ZEMOSO ENGINEERING STUDIO
June 5, 2022
8 min read

How we built a big data platform for a futuristic AgriTech product

The world population is expected to increase to 9.7 billion by 2050, and the demand for food by 60%. Will the agricultural industry be able to keep up? How will the world ensure food security? AgriTech products are leveraging modern technologies to fill the gap here.  

There's enough data generated by the agricultural industry and many adjacent industries to bring predictability to forecasting food production and create contingency plans. This data is scattered, siloed, unstructured, and warehoused by different private and public organizations using different metrics, local languages, and formats. The different types of data (though siloed) are production, demand, supply, crop prices, satellite images, topography reports, weather forecasts, and soil quality reports. There are many companies that are trying to break through these barriers. 

We worked with one such company and built a comprehensive data and analytics platform, which provided insights on demand-supply, and climate and soil conditions. It aided stakeholders across the agriculture value chain to make informed decisions, faster.   

How did we do it?

Zemoso helped them ingest the diverse data sets, analyze it, and build a Software-as-a-Service (SaaS) platform with dashboards and modeling systems.

The data included global and regional data with daily updates gathered through both scraping and Application Programming Interface (API). It also had: 

1. Raw satellite imagery such as Normalized Difference Vegetation Index (NDVI)

2. Rainfall and Evapotranspiration data from National Oceanic and Atmospheric Administration (NOAA) satellites

3. Data from United Nations Food and Agriculture Organization (FAO)

4. Data from World Health Organization (WHO)

5. Commodities market data

6. Data from grain markets

 Agricultural data sets ingested and analyzed to build a SaaS platform

Deep tech solutions applied here include image processing, data pipelines, and distributed cluster architectures.

Our team normalized the data and automated continuous quality checks on the ingested data from external sources. We implemented the computing logic and built the data processing platform for managing the data at scale. 

The big data processing challenge

In addition to incrementally processing daily feeds, one recurring challenge was to process massive satellite raster datasets covering the entire globe. This data is vital to analyze the progression of planetary climate and identify patterns that help forecast impending weather conditions. 

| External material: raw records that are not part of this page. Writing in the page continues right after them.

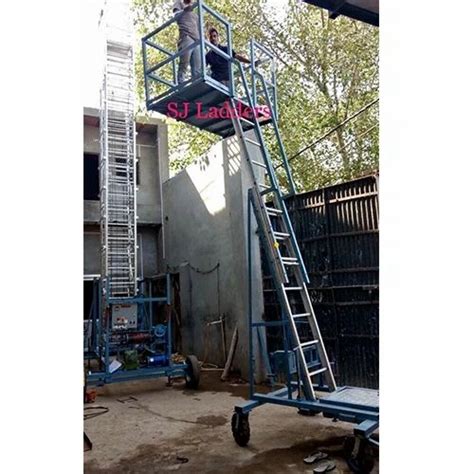 4ft X 4ft Platform Extension Ladder At Rs 95000 Piece Platform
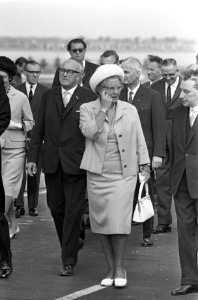 Koningin Juliana tijdens de rondgang, Bestanddeelnr 916-8302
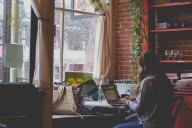 Más jóvenes y menos competentes, un estudio confirma el sesgo de género online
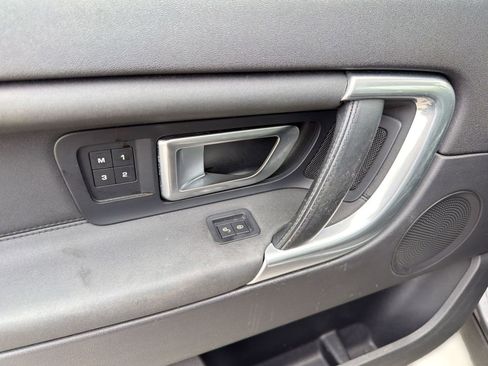 Used 2019 Land Rover Discovery Sport image 13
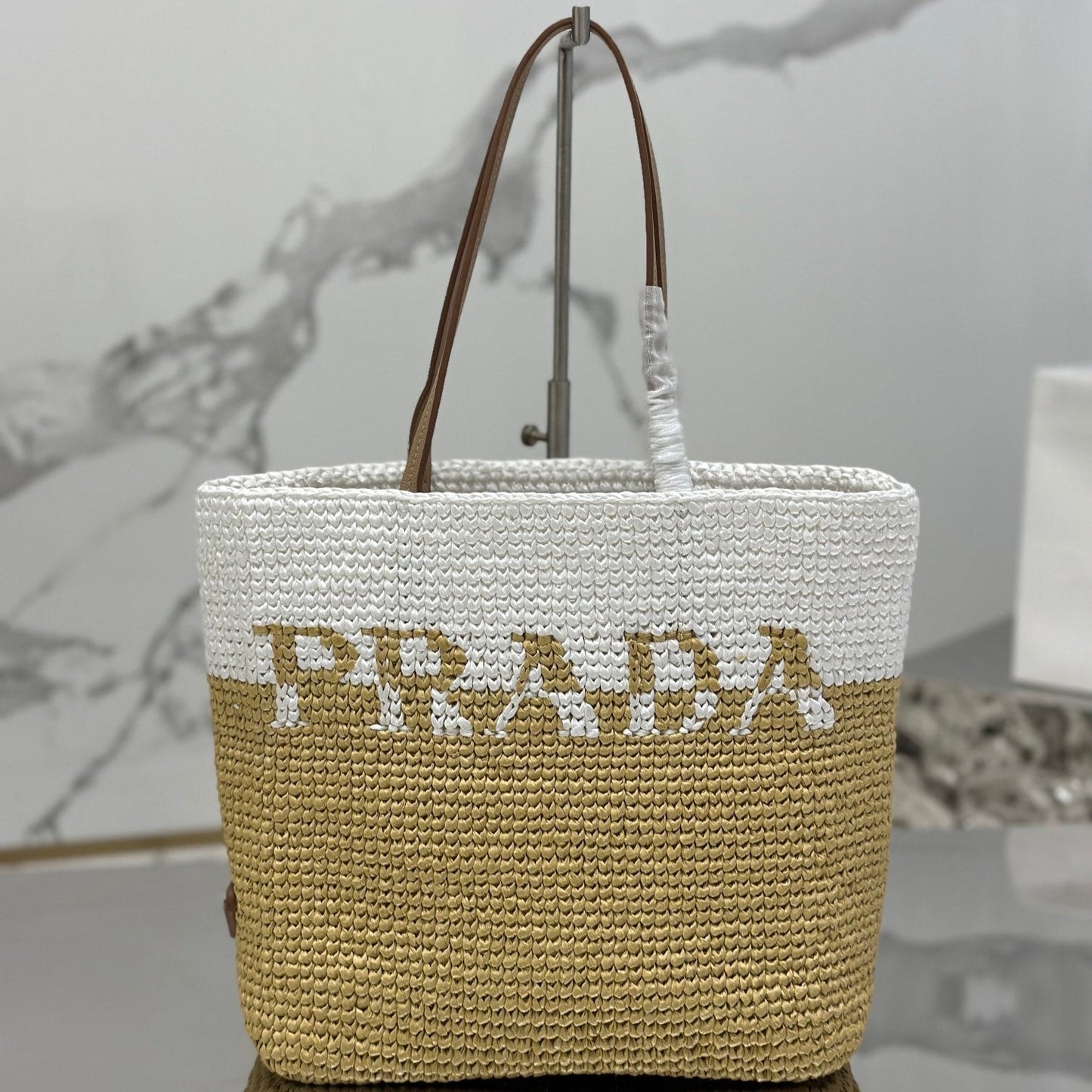 SMALL TOTE BAG 27 IN WHITE MIX BEIGE RAFFIA AND BROWN CALFSKIN HANDLE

We helped our client develop innovative processing techniques like overlaying pre-generated geo-rasters for efficient processing, leveraging distributed storage and workers, and scheduling and orchestrating the activities. 

Instead of using supra-large hardware, we maximized using smaller instances, which enabled us to iterate and scale rapidly. We built a processing cluster using an open-source distributed scheduler that could be scaled up and down based on the requirement to speed up or slow down work. 

We accomplished in days, what would have taken months to process. 

Consider this, data that captures every 10m x 10m block of the planet and does this every day for over 15 years. 

We did memory optimizations and virtual machine (VM) sizing to ensure that no task was starved of Random Access Memory (RAM). We used libraries like Mapnik C++ to re-render these rasters so that consumers could view them and perform time travel over a region. Additionally, we performed multiple layering and mapping optimizations to enable this capability. 

The data (including imagery) was fed to other pipelines to compute metrics, which in turn helped create aggregate visualizations, both map-based, and charts-based. We generated data and map layers to visualize the data and imagery over time and across the world. 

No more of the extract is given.